Uniform Convergence of Deep Neural Networks with Lipschitz Continuous Activation Functions and Variable Widths
This work addresses theoretical convergence issues for deep learning practitioners, offering a framework applicable to common activation functions, but it is incremental as it builds on existing analysis with variable widths.
The paper tackles the problem of ensuring uniform convergence of deep neural networks with Lipschitz continuous activation functions and variable widths as layers increase, providing sufficient conditions on weights, biases, and Lipschitz constants to guarantee convergence to a meaningful function, with specific results for fixed, bounded, and unbounded widths and convolutional neural networks.

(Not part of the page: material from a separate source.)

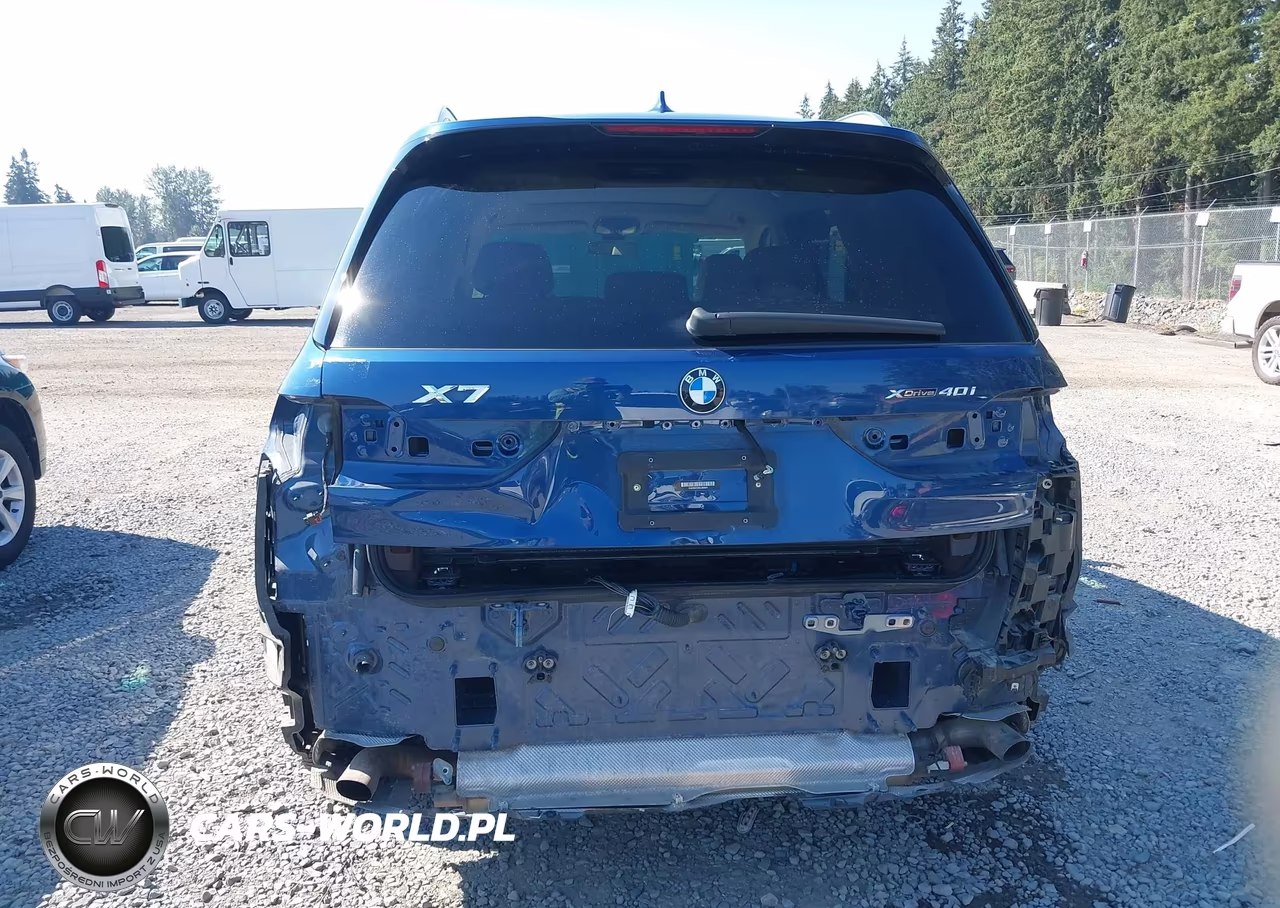 2019 BMW X7 xDrive40I VIN:5UXCW2C52KL083641 - 6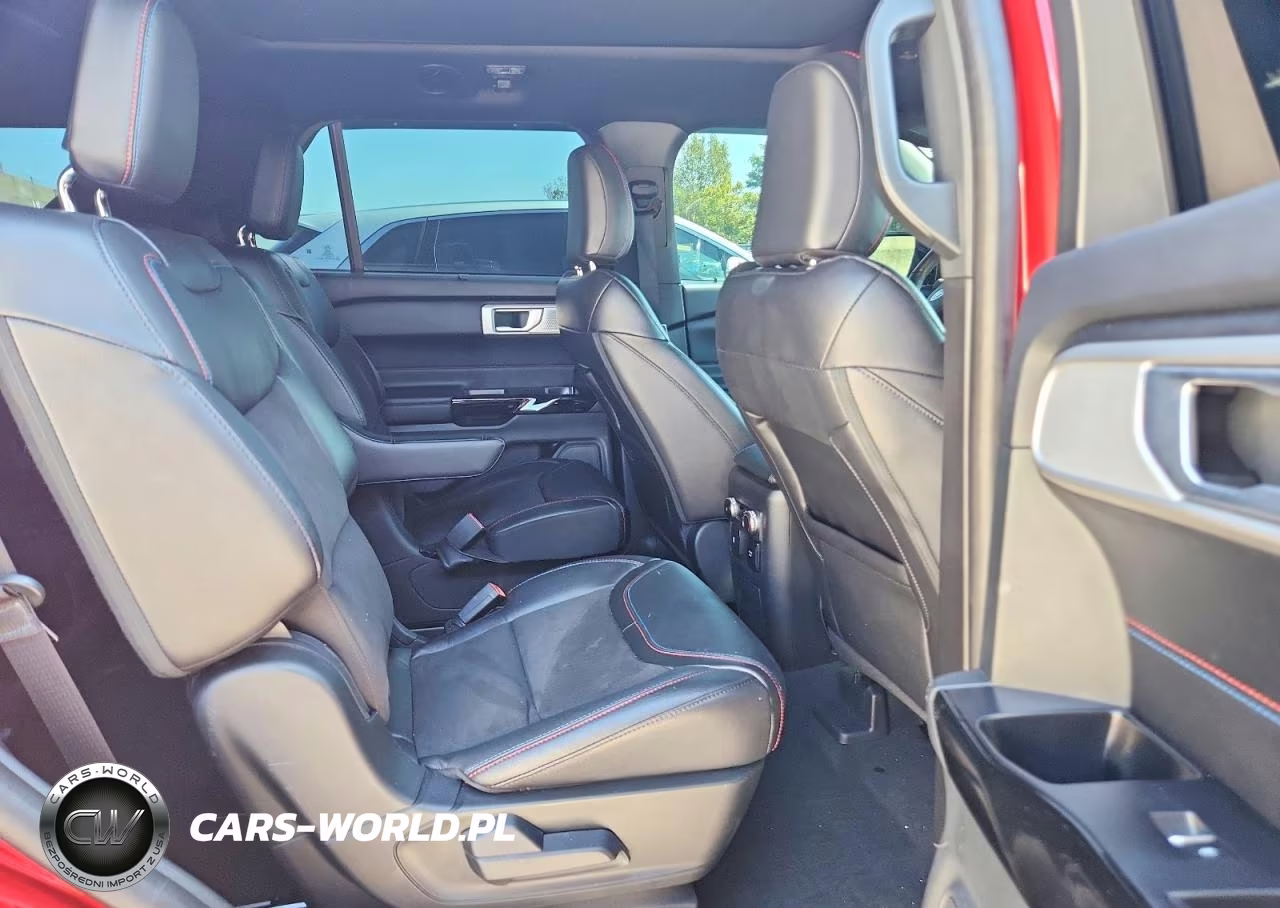 2023 Ford Explorer St VIN:1FM5K8GCXPGA08585 - 11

We consider deep neural networks with a Lipschitz continuous activation function and with weight matrices of variable widths. We establish a uniform convergence analysis framework in which sufficient conditions on weight matrices and bias vectors together with the Lipschitz constant are provided to ensure uniform convergence of the deep neural networks to a meaningful function as the number of their layers tends to infinity. In the framework, special results on uniform convergence of deep neural networks with a fixed width, bounded widths and unbounded widths are presented. In particular, as convolutional neural networks are special deep neural networks with weight matrices of increasing widths, we put forward conditions on the mask sequence which lead to uniform convergence of resulting convolutional neural networks. The Lipschitz continuity assumption on the activation functions allows us to include in our theory most of commonly used activation functions in applications.